Do u like travelling alot?

for me yes I want to explore interesting cities in the world!


----------



## Renkinjutsushi (Dec 4, 2004)

Hell yeah!! I hate staying in one place for a long time, plus I like seeing different cultures and regions.


----------



## hkskyline (Sep 13, 2002)

Of course, but budget is always a problem. Hence I tend to skip on the most lavish meals and hotels. For my last trips to Europe and Asia, I lived in hostels and tried some cheap local breakfast, a decent lunch, and then get a better dinner to wrap up a good day. It's amazing how much the hotel bill can come out after just a week.


----------



## HoustonTexas (Nov 30, 2004)

To truely live, you must see how other people do it...
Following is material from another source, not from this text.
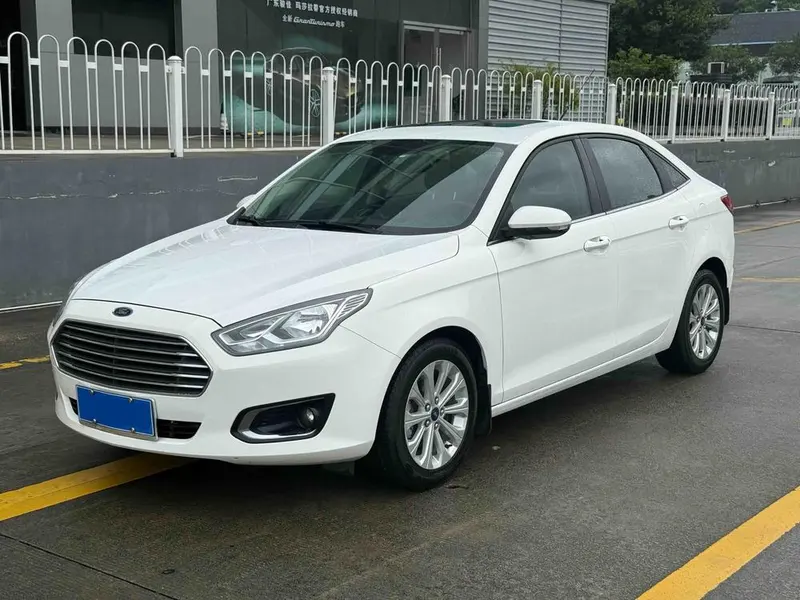 Ford Escort 1.5L Auto Comfort Version, 2017 — фото 1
Besides, why not explore the world we live in?


----------



## FREKI (Sep 27, 2005)

Nah... not really.. I mean why leave what you know? Fish isn't surposed to be on land!

Just kidding.. I love it!... I would do it full time if someone payed me!


----------



## ncon (Apr 6, 2005)

i think bugdet is the main problem followed by the air tickets


----------



## Bitxofo (Feb 3, 2005)

I love to travel!
:yes:
It is my passion!!
:happy:
I make at least 12 trips per year, one a month.
:wink2:


----------



## Küsel (Sep 16, 2004)

What a question in this section!! :rofl:

I used to travel a lot - now I don't have the money for it anymore  Okay at least I will go visiting friends and relatives in Sampa end of the month


----------



## empersouf (Mar 19, 2004)

i do, but i'm still young, so I havent seen much of the world yet. But I'm pretty sure that I will visit at least 100 countries in my life inshallah!
Money will not be a problem in the future, i will become a dentist. And they got paid a lot, just six years and the money will float in


----------



## wc eend (Sep 16, 2002)

Travelling sucks!


:sleepy: Come on. what kind of question is this?


----------



## DiggerD21 (Apr 22, 2004)

Of course I like to travel! But I can rarely afford it, although accomodation in many cities within Europe is often the smallest problem. Being an active member of an european student association has its advantages. I just have to ask members in the destination city if they can lodge me.


----------



## DvW (Mar 8, 2005)

Off course! Everybody on this forum is born to travel! :laugh:


----------



## earthJoker (Dec 15, 2004)

The question is not if I like to (where the answer is yes) rather its the problem that I can't travel as much as I like (no time not enough money)


----------



## Baianóide (Aug 9, 2005)

I love to travel.


----------



## Zaqattaq (Nov 17, 2004)

Ofcourse but I don't like the flying part


----------



## dmg1mn (Oct 1, 2005)

I love to travel, I'm just too cheap to spend the money to travel.


----------



## mexicaninmontreal (Nov 4, 2004)

It is my favourite hobbie since I used to work for an airline and I had free tkts.


----------



## DamienK (Sep 11, 2002)

Yes, I like being in airports too and flying. I also take heaps of pictures when I go.


----------



## Sergei (May 20, 2004)

What kind of question is this? Of course I love travelling! Who doesn't? :weird:


----------



## Bahnsteig4 (Sep 9, 2005)

"East or West, Home is best."



Umm, no.


----------



## Dr. Dubai (Mar 22, 2004)

Nice question in this subforum I'm fond of traveling, especially to discover new things in new areas with friends and share the experiences


----------



## Justme (Sep 11, 2002)

Honestly, who on an urban based forum dedicating to exploring cities around the world would say "no" to this question 

Travel is what I live for.


----------



## liverpolitan (Oct 19, 2004)

Not trying to be contrary or world-weary, but I’m not quite as enthusiastic as some others here. 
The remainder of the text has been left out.